There is no in-package CPU Relay-BP; its CPU reference is IBM's `relay-bp`
Rust decoder, wrapped in `tridec.adapters` and used as the validation
oracle for the Triton path.

## What's validated where

| Environment | Status |
|---|---|
| CPU (any) | numpy BP reference; torch BP bit-identical to numpy at fp64 (one iteration), LER-identical full decode |
| NVIDIA H200, CUDA 12.4, torch 2.4.1, triton 3.0.0 | Triton BP: ≥99.5% hard-decision agreement vs fp64 references, LER-identical (156 = 156 = 156 fails / 2000 shots vs numpy/torch).

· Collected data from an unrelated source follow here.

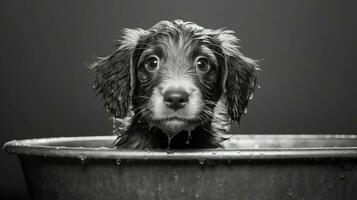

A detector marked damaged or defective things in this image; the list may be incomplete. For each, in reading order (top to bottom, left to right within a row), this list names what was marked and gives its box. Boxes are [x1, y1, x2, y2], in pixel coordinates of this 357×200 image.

rusty metal surface [3, 134, 357, 200]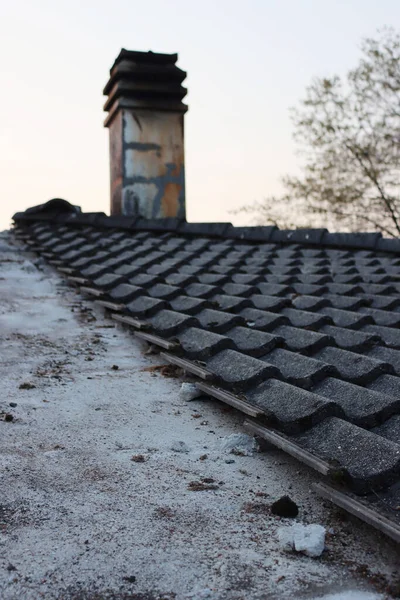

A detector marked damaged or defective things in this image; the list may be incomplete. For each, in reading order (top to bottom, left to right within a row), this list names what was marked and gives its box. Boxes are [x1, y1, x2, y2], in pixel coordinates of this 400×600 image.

rust stain [160, 185, 180, 220]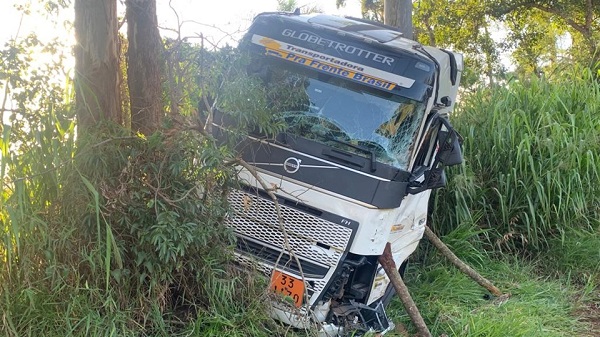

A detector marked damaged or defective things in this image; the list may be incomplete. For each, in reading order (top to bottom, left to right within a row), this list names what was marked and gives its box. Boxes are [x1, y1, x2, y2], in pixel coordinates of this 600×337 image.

crashed volvo truck [211, 11, 464, 336]
cracked windshield [264, 65, 426, 171]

Triton Relay-BP: LER-matches the `relay-bp` Rust oracle (31 vs 38 fails / 2000, overlapping Wilson CIs) — carried source-repo receipts |
| AMD MI300X, ROCm 7.0.0, torch 2.9, triton 3.4.0 | Same kernels, unmodified: identical primitive-identity numbers (pre-leg posterior max-diff 1.8e-15) and the same oracle-vs-Triton LER identity (carried receipts) — **and validated through the installed package for v0.1.0** (`bench/receipts/mi300x_packaged.json`): full suite 88 passed / 10 skipped on gfx942 (GPU tiers bind, darwin-only strict tiers skip), packaged-API BP 166 = numpy 166 fails / 2000, Relay-BP fp32 34 vs Rust oracle 31 (overlapping CIs), throughput within ±2.2% of the carried receipt |
| Apple silicon (M4 Max), triton-metal | **Experimental, spike-validated only** (`bench/receipts/metal_spike.md`): both kernels pass the same correctness gates at fp32; see the section below |

## Experimental: Apple silicon (Metal)

The same Triton kernels run on Apple-silicon GPUs through
[triton-metal](https://github.com/bledden/triton-metal), with **zero changes
to the kernel source**. This is experimental: validated at spike level on one
machine (M4 Max), fp32 only (Metal has no fp64), and not part of the
official receipt set.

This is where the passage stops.